» Input data
================================

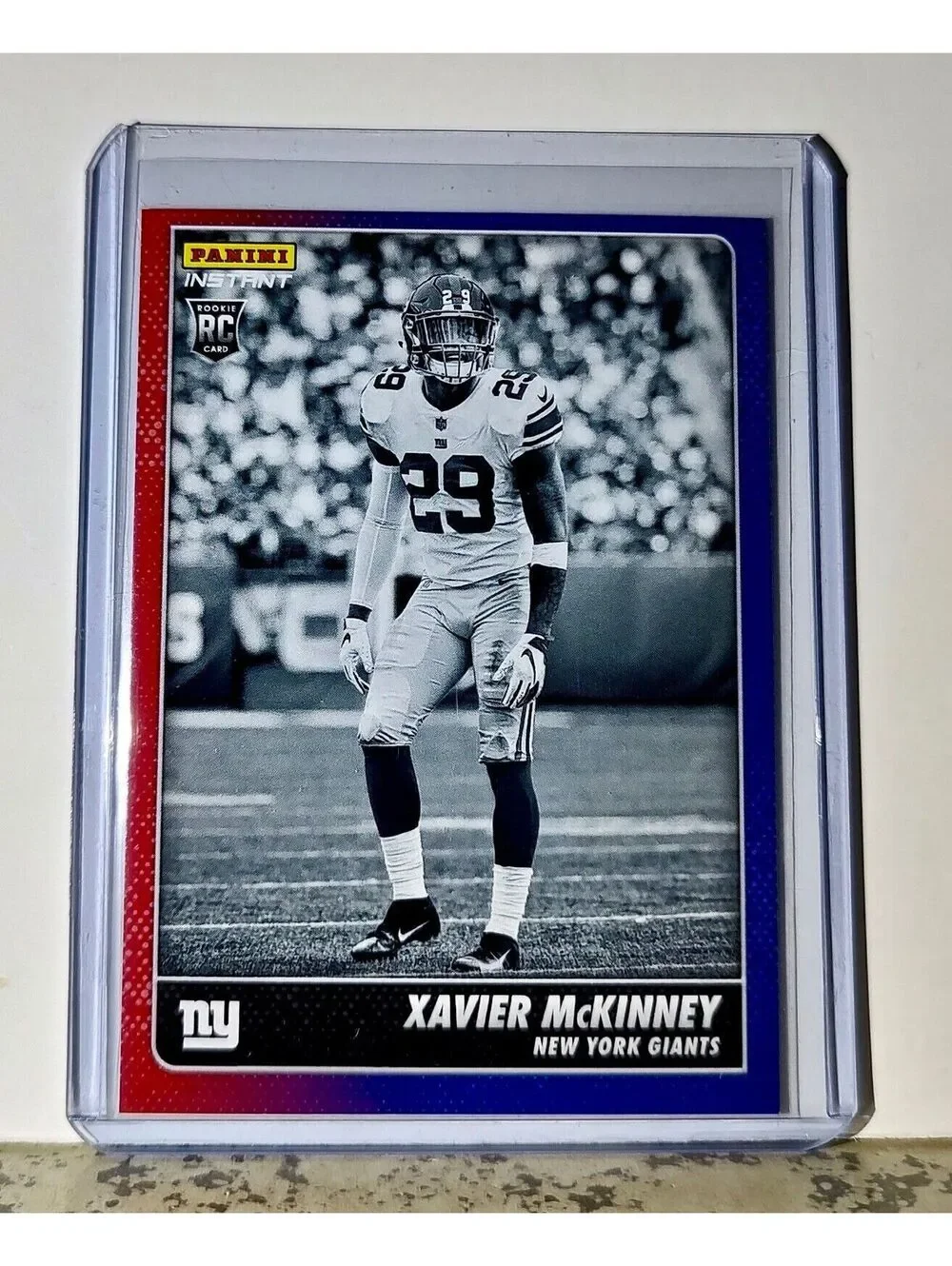 Xavier McKinney 2020 Panini NFL #22 Black and White Rookies Card Giants 1 of 518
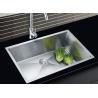 Buy cheap SS304 Single Bowl Sink 80cm 90cm Stainless Steel Sink Unit Surface Mounted from wholesalers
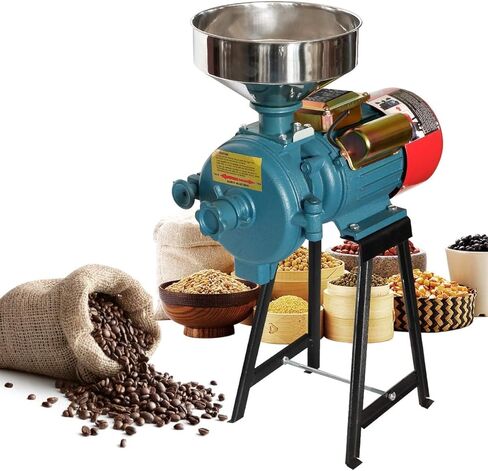 Slsy Heavy Duty Electric Dry Grain Mill Grinder, 3000W High Power Milling Machine, 110V Commercial Flour & Feed Grinder for Corn, Wheat, Rice, Coffee Beanss in Kuwait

================================

» Work order
Please write out exactly the lines from the one holding "Buy cheap SS304" through the last line of the material above, both included, as a copy without pictures.

» Answer space
 Buy cheap SS304 Single Bowl Sink 80cm 90cm Stainless Steel Sink Unit Surface Mounted from wholesalers
 Slsy Heavy Duty Electric Dry Grain Mill Grinder, 3000W High Power Milling Machine, 110V Commercial Flour & Feed Grinder for Corn, Wheat, Rice, Coffee Beanss in Kuwait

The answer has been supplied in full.